### PROBLEM REQUIREMENTS
When you reach the line below that has "Aerial view of", start returning lines exactly, and stop after the line that has "Man In Business"; skip the pictures.

### DATA IN THIS EXERCISE

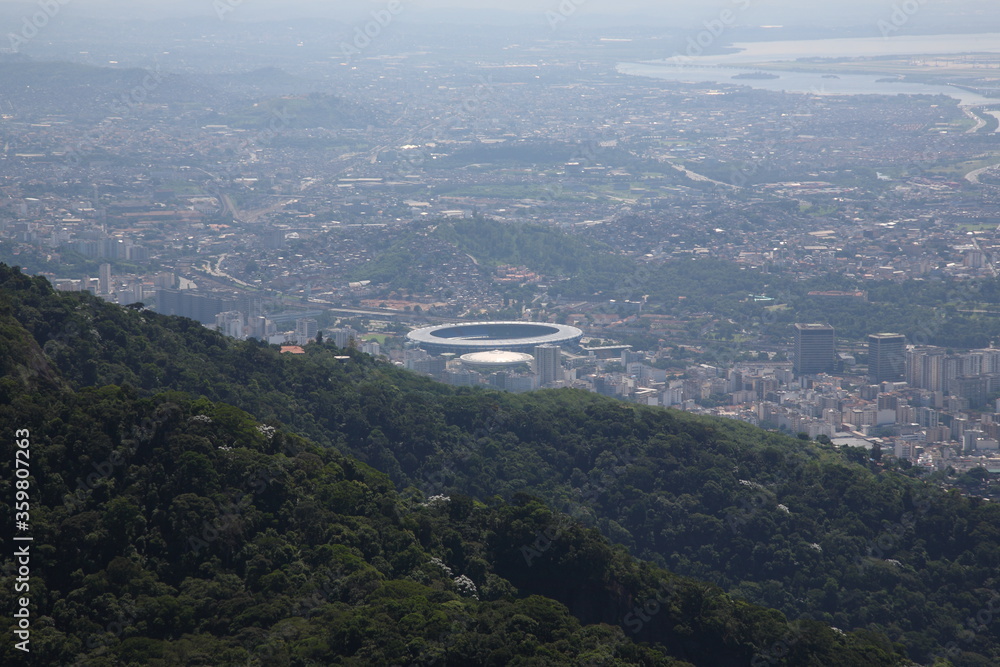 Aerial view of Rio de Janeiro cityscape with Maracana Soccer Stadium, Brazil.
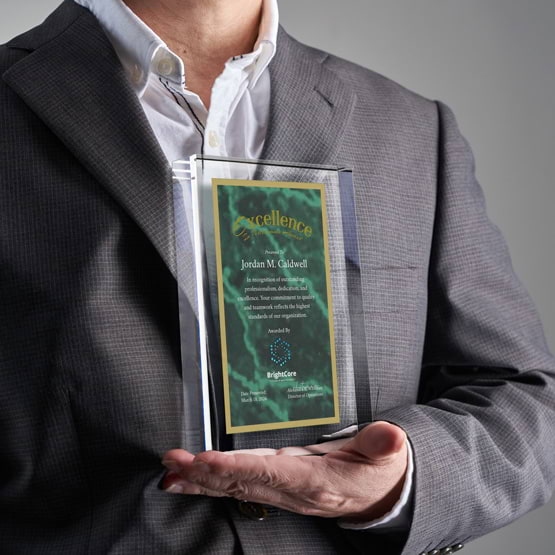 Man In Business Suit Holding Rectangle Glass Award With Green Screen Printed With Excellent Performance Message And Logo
--
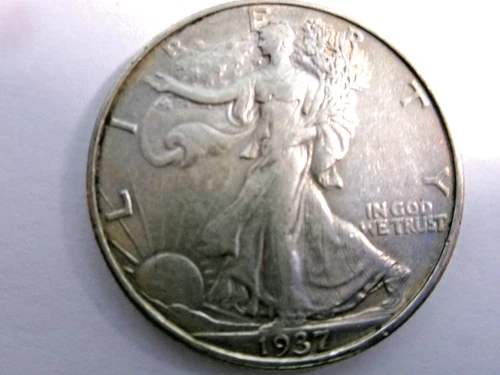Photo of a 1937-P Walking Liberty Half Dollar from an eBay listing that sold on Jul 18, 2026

### SOLUTION
 Aerial view of Rio de Janeiro cityscape with Maracana Soccer Stadium, Brazil.
 Man In Business Suit Holding Rectangle Glass Award With Green Screen Printed With Excellent Performance Message And Logo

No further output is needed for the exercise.